(Dataset records begins)

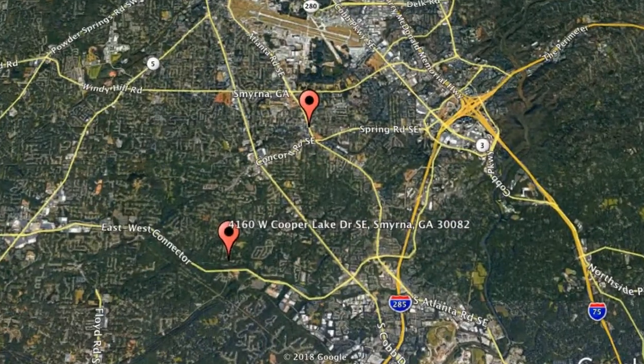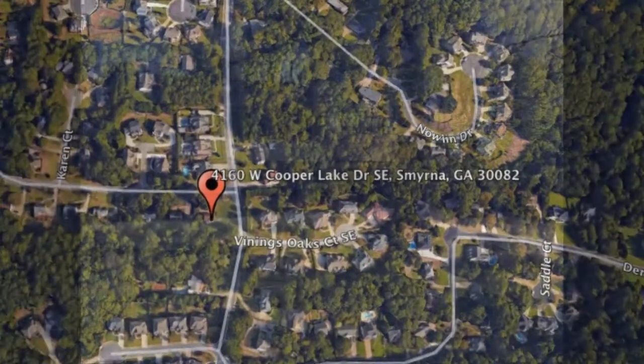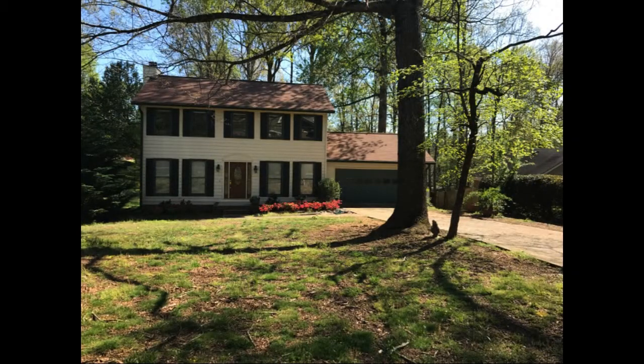Here are photos of an available rental property — make it yours today. 4160 West Coopra Lake Drive, Southeast Smyrna, Georgia. This is a four-bedroom property that sits on a corner lot in an amazing neighborhood.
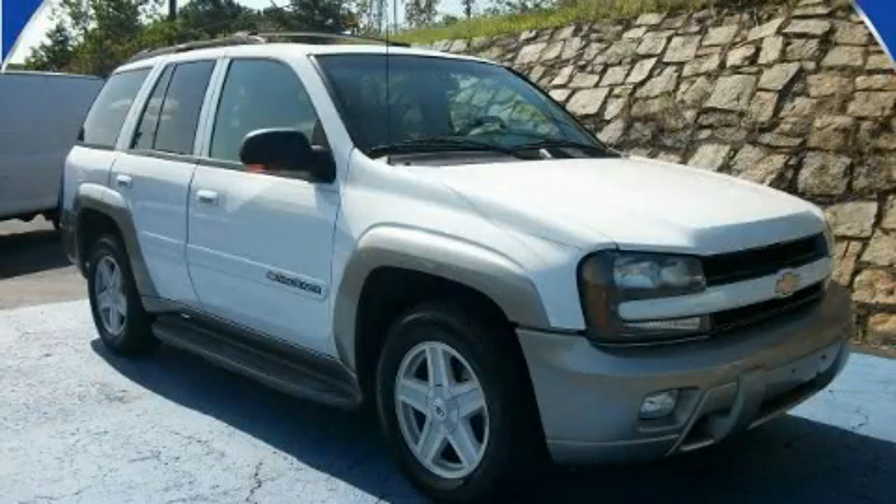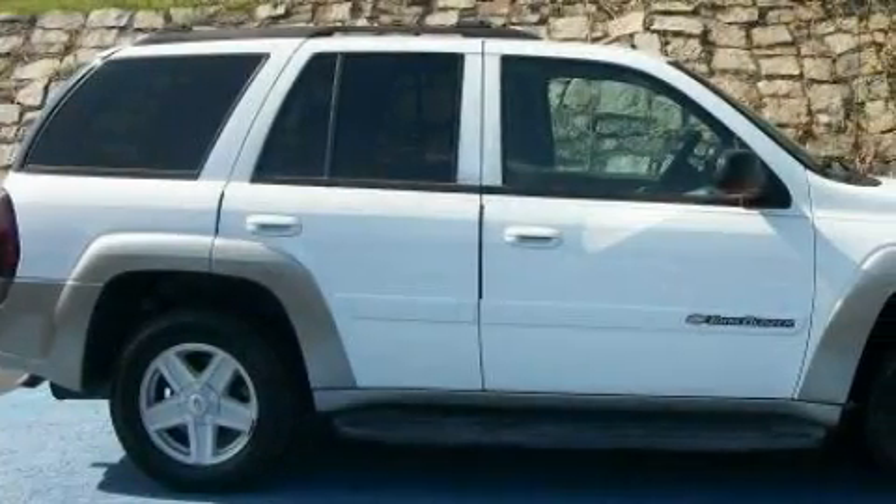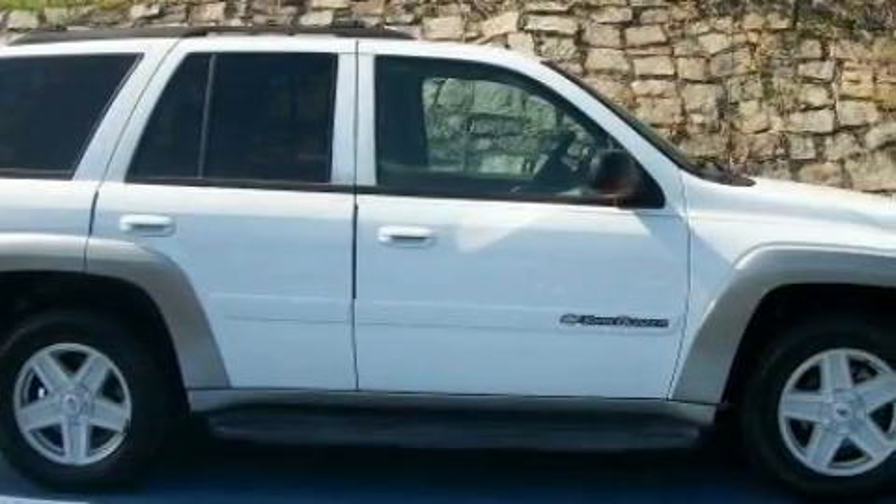This is a 2002 Chevrolet Trailblazer, a big SUV for big fun. It features a 4.2-liter six-cylinder engine, a four-speed automatic transmission, and four-wheel drive.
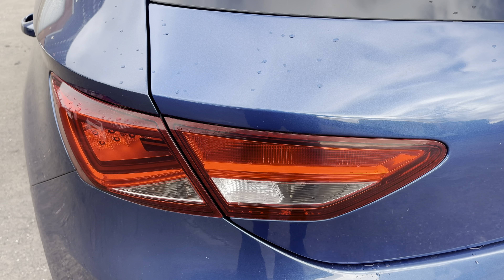At the rear of the vehicle we do have the sleek-looking taillights on display here. This particular model sits on these gorgeous 16-inch alloy wheels, which really do provide a nice offset to the colour of the vehicle's paintwork.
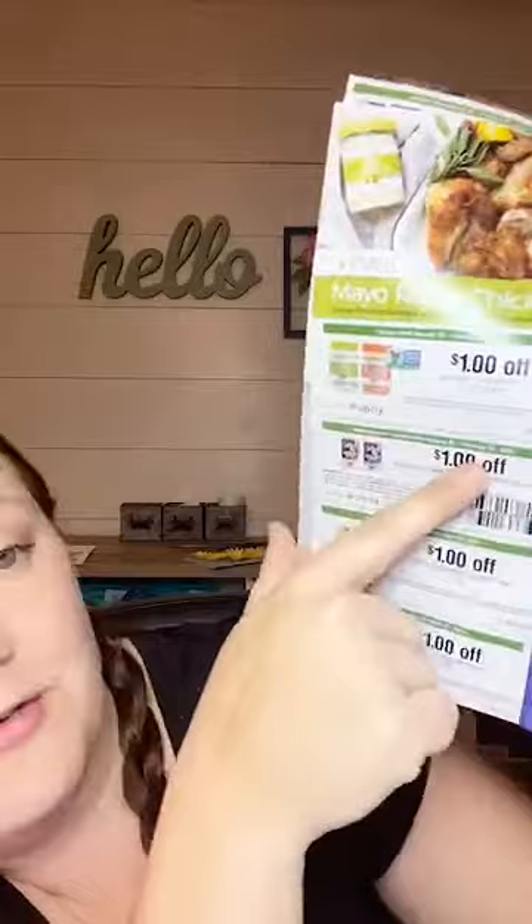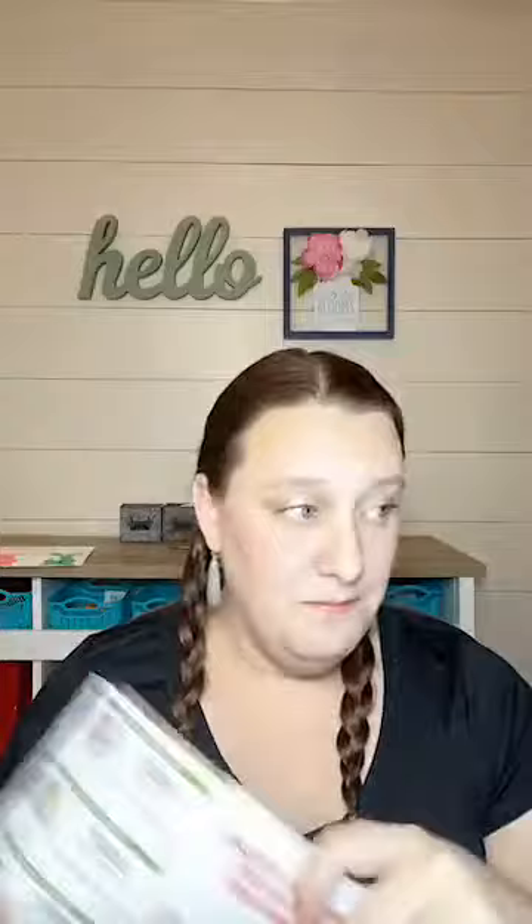If you have a Publix, they have this 'Best You' booklet. It has mostly store coupons, but there is a manufacturer coupon. There is a dollar off any Quaker Oats — it's good through February 22nd. These are BOGO and it says manufacturer's coupon with a regular scannable barcode, so Harris Teeter will take this coupon. Their Quaker Oats are buy one, get one free at Harris Teeter this week. Using that dollar coupon, you're only going to pay $0.89 for the canister of Quaker Oats.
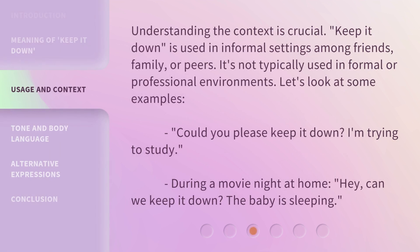Understanding the context is crucial. 'Keep it down' is used in informal settings among friends, family, or peers. It's not typically used in formal or professional environments. Let's look at some examples.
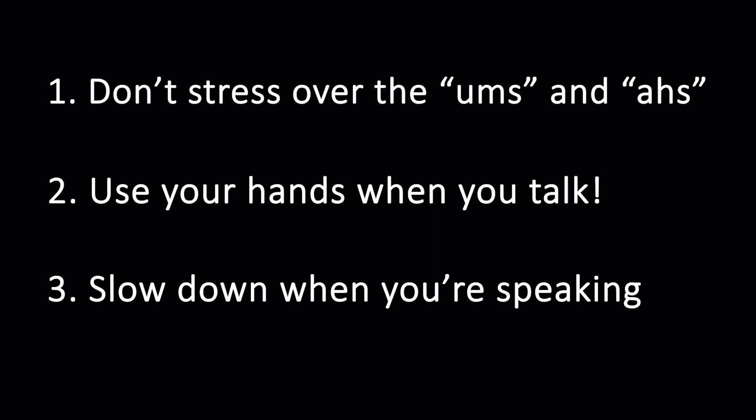Three, slow down when you talk. A lot of the times when we get nervous, we tend to speed talk our way through it. That causes us to mess up more often and a lot of times we end up tripping over our own words. When you talk slower, your brain has more time to process the next thoughts that are coming out of your mouth.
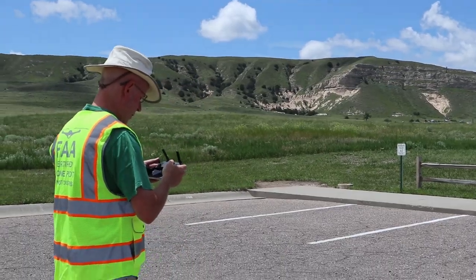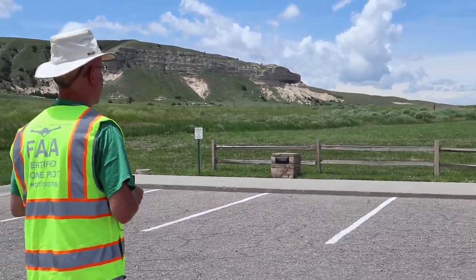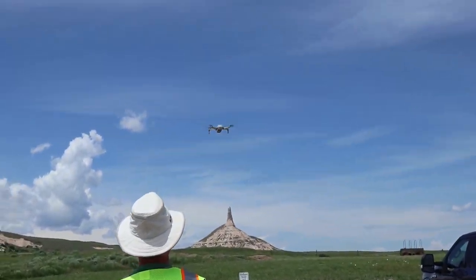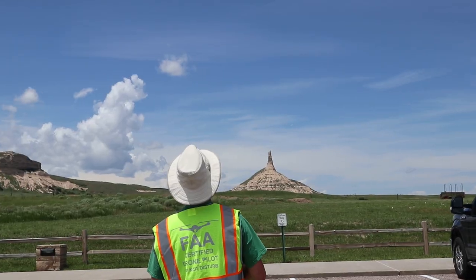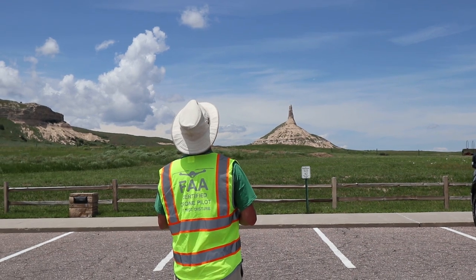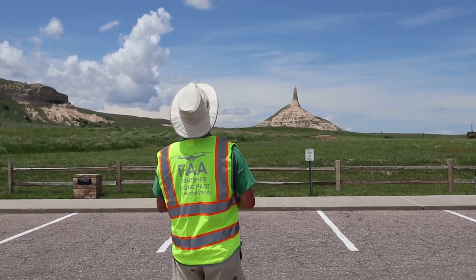The visitor center here is eight dollars per person, which we always like to pay to help support attractions like this. Rich is going to get some drone shots — we did ask permission first, and they said yes, so we're going to see what we can get.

(Dataset records ends)

◆ **Work request**
An exact copy of the entries above is required; pictures are not part of it.

◆ **Written response**
Here are photos of an available rental property — make it yours today. 4160 West Coopra Lake Drive, Southeast Smyrna, Georgia. This is a four-bedroom property that sits on a corner lot in an amazing neighborhood.
This is a 2002 Chevrolet Trailblazer, a big SUV for big fun. It features a 4.2-liter six-cylinder engine, a four-speed automatic transmission, and four-wheel drive.
At the rear of the vehicle we do have the sleek-looking taillights on display here. This particular model sits on these gorgeous 16-inch alloy wheels, which really do provide a nice offset to the colour of the vehicle's paintwork.
If you have a Publix, they have this 'Best You' booklet. It has mostly store coupons, but there is a manufacturer coupon. There is a dollar off any Quaker Oats — it's good through February 22nd. These are BOGO and it says manufacturer's coupon with a regular scannable barcode, so Harris Teeter will take this coupon. Their Quaker Oats are buy one, get one free at Harris Teeter this week. Using that dollar coupon, you're only going to pay $0.89 for the canister of Quaker Oats.
Understanding the context is crucial. 'Keep it down' is used in informal settings among friends, family, or peers. It's not typically used in formal or professional environments. Let's look at some examples.
Three, slow down when you talk. A lot of the times when we get nervous, we tend to speed talk our way through it. That causes us to mess up more often and a lot of times we end up tripping over our own words. When you talk slower, your brain has more time to process the next thoughts that are coming out of your mouth.
The visitor center here is eight dollars per person, which we always like to pay to help support attractions like this. Rich is going to get some drone shots — we did ask permission first, and they said yes, so we're going to see what we can get.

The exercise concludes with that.